How to Show Her You Care

Men's Dating

How to Show Her You Care

Rachel Dack Rachel Dack • 9/25/14

Gentleman, have you ever wondered how to show her you care or how to let her know you are thinking of her?

Showing you care for a woman involves more than just your actions or just your words. It is a balance of consistently acting in ways that promote closeness and communicating verbally and nonverbally that you like her.

Although grand gestures, such as flowers and extravagant dates go along way, showing her you care is more about paying attention to the little things that bring her happiness and being thoughtful on a regular basis as you build a relationship together.

If you’ve ever seen the Seinfeld episode about “Independent George” and “Relationship George,” depicting George’s extreme resistance to having his social world and relationship worlds collide, you know what not to do.

He hesitates to allow Susan, the woman in his life, to hang out with his friends, avoids inviting her to join his plans and is irritated when she forms her own relationships with his social group.

As overwhelming as it can be to have your crush or girlfriend be such an important part of your life and include her in your plans, social life and other relationships, making an effort to open up your world to her signifies you care.

This is necessary when you begin to date a bit more seriously, especially if you want the relationship to progress into long-term status.

It is absolutely OK to not be ready to say those three special words.

You can communicate you care in a variety of ways.

Texting her in the morning, telling her she looks beautiful and holding the door are among the small but powerful actions that illustrate your interest and respect for her.

These spontaneous acts signify your genuine interest and keep things exciting as your relationship progresses.

A word of caution:

Women generally consider assertiveness to be attractive and appealing. However, pushiness and aggressiveness are not, especially if she communicates that she would like you to slow down, back off or only wants to be friends.

It is essential that you carefully gauge her reactions and be aware of your timing while assessing that the level of interest is mutual.

If you are getting signs from her that you are coming on too strong or too quickly, intentionally take a step back and ensure that you are on the same page.

“Do this by involving her in

what is important to you.”

Here are 10 ways to show her you care:

1. Communicate.

Without any pressure to spill every detail about yourself and your feelings right away, open up at a pace that feels comfortable to you and show her who you are and what matters to you.

2. Be consistent and responsible.

Make an effort and be true to your word. Follow through on what you promised or agreed to and communicate honestly if you are going to be late or have to cancel.

3. Call her.

Do this than for no other reason than to say hi and you are thinking of her.

4. Make an effort to see her regularly, even when you are busy.

If you are out of town or swamped at work, make sure you do something (such as send a brief text or email or call to say a quick hello) to show her she is important to you.

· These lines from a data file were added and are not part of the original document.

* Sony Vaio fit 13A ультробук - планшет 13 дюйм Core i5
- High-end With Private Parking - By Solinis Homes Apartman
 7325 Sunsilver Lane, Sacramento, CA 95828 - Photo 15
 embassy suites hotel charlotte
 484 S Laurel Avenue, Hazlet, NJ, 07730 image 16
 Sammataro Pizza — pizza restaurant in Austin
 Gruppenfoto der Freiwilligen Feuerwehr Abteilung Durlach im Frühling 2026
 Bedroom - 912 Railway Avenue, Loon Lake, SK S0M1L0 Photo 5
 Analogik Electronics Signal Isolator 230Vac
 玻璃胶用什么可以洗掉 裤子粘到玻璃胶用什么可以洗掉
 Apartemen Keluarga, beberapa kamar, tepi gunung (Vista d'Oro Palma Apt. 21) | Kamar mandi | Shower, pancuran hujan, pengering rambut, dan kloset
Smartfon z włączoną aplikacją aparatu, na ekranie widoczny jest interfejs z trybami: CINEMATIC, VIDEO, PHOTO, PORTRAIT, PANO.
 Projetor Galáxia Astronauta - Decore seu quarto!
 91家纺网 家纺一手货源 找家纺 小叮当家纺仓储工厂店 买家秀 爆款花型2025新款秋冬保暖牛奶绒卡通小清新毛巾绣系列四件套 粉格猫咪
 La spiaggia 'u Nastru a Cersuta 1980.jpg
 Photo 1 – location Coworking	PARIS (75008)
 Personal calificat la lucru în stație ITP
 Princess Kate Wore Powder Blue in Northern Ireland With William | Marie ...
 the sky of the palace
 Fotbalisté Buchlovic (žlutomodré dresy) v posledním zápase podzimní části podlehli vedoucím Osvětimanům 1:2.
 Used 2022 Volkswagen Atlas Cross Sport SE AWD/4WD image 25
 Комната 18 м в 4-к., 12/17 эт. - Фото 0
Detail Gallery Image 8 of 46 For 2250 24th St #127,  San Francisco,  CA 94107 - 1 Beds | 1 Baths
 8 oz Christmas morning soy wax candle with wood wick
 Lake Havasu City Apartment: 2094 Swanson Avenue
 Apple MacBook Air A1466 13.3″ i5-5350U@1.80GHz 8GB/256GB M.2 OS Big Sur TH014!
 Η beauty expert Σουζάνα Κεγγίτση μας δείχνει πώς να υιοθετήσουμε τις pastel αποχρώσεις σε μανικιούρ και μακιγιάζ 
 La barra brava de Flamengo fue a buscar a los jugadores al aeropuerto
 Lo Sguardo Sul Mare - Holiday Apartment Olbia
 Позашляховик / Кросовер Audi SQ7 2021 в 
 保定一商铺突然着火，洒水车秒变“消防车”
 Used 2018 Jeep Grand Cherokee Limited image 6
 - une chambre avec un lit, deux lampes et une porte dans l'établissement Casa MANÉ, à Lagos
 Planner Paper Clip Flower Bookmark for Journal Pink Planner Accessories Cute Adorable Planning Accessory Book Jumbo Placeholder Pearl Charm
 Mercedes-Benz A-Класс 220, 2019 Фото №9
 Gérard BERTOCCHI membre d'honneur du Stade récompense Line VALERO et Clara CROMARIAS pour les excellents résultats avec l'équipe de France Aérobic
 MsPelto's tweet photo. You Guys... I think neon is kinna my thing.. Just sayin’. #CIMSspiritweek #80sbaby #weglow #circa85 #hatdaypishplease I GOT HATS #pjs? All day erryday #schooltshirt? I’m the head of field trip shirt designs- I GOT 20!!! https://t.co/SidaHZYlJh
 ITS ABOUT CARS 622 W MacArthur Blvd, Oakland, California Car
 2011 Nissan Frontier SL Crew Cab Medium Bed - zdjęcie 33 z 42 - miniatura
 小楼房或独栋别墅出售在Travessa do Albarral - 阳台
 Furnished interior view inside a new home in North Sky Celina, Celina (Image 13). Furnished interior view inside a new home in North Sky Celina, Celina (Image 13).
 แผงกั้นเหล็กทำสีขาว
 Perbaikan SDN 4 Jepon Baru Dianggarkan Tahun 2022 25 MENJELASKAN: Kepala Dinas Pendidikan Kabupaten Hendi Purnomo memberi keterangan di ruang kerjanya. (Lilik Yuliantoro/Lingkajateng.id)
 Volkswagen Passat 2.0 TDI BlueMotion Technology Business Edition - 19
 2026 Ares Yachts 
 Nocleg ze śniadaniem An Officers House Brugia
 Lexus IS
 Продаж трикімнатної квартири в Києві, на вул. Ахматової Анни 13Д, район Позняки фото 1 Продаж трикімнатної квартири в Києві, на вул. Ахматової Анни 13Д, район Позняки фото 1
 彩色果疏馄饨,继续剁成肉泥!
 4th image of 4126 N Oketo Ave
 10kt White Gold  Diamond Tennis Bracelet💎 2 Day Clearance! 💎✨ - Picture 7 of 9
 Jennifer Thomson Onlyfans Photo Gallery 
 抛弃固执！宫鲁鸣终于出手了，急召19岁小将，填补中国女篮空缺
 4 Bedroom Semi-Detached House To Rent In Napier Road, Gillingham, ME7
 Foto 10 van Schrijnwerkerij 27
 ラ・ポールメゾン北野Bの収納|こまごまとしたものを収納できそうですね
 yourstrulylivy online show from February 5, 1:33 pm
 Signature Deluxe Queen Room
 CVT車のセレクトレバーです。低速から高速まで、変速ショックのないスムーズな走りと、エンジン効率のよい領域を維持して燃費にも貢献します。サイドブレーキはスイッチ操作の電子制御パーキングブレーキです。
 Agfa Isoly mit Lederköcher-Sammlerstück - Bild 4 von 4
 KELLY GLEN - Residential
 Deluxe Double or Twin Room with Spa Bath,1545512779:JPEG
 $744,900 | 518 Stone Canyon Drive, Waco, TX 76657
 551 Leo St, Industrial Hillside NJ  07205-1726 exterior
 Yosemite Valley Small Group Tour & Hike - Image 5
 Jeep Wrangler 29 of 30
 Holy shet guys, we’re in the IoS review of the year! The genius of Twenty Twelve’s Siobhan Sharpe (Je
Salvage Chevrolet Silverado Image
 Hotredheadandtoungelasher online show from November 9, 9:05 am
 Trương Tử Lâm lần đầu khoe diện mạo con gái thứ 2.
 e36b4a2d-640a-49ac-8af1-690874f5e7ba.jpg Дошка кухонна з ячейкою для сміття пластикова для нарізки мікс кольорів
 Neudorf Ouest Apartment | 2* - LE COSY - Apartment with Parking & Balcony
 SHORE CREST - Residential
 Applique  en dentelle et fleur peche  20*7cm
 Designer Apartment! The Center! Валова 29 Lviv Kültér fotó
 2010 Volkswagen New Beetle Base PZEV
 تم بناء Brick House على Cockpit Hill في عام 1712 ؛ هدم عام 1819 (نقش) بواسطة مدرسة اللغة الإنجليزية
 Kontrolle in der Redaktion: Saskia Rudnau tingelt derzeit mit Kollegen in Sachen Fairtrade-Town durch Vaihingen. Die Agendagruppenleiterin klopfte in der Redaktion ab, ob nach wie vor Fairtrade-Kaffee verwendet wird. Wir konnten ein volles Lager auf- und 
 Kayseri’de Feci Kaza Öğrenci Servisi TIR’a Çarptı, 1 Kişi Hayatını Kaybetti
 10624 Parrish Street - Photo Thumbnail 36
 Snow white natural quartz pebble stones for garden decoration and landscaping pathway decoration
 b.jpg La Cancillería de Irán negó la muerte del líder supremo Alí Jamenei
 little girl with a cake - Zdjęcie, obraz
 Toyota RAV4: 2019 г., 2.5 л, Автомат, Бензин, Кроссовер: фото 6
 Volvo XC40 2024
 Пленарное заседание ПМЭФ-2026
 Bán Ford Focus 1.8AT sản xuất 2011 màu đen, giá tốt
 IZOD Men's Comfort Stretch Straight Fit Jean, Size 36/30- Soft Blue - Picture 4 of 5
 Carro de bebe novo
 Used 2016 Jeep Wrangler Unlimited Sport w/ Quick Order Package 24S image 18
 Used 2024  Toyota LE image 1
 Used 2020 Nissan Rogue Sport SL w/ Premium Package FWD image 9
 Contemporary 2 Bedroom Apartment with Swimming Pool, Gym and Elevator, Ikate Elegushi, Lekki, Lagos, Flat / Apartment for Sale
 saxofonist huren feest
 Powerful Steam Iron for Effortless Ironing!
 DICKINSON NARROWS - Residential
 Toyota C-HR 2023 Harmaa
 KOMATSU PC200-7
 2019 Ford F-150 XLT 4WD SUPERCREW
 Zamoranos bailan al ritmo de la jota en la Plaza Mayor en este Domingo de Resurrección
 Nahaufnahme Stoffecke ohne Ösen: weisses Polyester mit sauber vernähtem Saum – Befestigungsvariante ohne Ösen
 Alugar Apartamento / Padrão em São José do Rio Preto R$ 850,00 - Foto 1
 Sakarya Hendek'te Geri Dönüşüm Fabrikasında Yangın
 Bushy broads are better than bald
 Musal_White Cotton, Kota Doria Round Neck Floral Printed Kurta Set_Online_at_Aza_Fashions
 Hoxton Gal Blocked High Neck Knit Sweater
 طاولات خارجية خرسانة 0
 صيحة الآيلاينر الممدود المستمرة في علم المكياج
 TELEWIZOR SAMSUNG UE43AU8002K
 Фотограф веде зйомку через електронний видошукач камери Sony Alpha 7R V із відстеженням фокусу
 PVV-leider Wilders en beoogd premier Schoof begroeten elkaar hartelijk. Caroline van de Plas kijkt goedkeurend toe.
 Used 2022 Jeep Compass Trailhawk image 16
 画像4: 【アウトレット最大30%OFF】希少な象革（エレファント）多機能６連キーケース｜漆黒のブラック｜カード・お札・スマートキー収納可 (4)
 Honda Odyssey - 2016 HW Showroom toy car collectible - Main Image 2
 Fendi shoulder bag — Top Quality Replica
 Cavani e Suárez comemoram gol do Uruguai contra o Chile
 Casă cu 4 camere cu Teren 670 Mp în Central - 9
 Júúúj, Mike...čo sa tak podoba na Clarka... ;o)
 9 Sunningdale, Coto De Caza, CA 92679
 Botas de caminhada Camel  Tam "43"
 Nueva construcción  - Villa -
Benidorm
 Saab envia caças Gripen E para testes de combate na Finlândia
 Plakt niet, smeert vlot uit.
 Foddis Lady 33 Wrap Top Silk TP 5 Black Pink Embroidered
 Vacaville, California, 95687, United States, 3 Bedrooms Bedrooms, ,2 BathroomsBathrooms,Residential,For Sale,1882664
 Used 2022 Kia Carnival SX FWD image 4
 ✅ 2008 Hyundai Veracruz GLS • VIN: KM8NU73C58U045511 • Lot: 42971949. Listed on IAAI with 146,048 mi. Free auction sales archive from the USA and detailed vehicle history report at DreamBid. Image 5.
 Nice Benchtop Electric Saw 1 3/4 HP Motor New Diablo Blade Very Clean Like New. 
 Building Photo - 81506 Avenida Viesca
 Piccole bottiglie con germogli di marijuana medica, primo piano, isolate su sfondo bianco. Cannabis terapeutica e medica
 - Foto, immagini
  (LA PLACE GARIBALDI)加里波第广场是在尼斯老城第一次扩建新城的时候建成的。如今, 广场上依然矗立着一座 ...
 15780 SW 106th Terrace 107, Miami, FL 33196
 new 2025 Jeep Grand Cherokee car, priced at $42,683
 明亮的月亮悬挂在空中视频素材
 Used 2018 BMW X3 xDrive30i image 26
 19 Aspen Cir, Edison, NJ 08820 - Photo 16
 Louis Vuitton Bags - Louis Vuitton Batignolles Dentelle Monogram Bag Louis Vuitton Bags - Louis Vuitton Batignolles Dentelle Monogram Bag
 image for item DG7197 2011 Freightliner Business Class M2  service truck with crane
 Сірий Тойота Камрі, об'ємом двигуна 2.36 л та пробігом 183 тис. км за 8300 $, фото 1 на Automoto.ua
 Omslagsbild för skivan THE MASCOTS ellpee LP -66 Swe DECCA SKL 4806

5. Be creative in letting her know you are thinking of her.

Did you see a YouTube video or read an article that relates to your conversation or makes you think of her? Send it her way.

6. Be affectionate and flirty.

While always ensuring that your timing is appropriate, hold her hand, brush her hair behind her ear and cuddle.

7. Offer to help.

Without implying that she cannot resolve the problem herself, carry her own grocery bags or fix something in her home, be a gentleman and ask her if she would like your support.

8. Compliment her.

Tell her what you like or admire about her.

9. Listen with genuine interest in what she has to say.

Be attentive and ask questions while maintaining good eye contact and body language.

10. Include her in your life.

Do this by involving her in what is important to you, introducing her to your friends and family, making time for her and getting to know her friends and interests.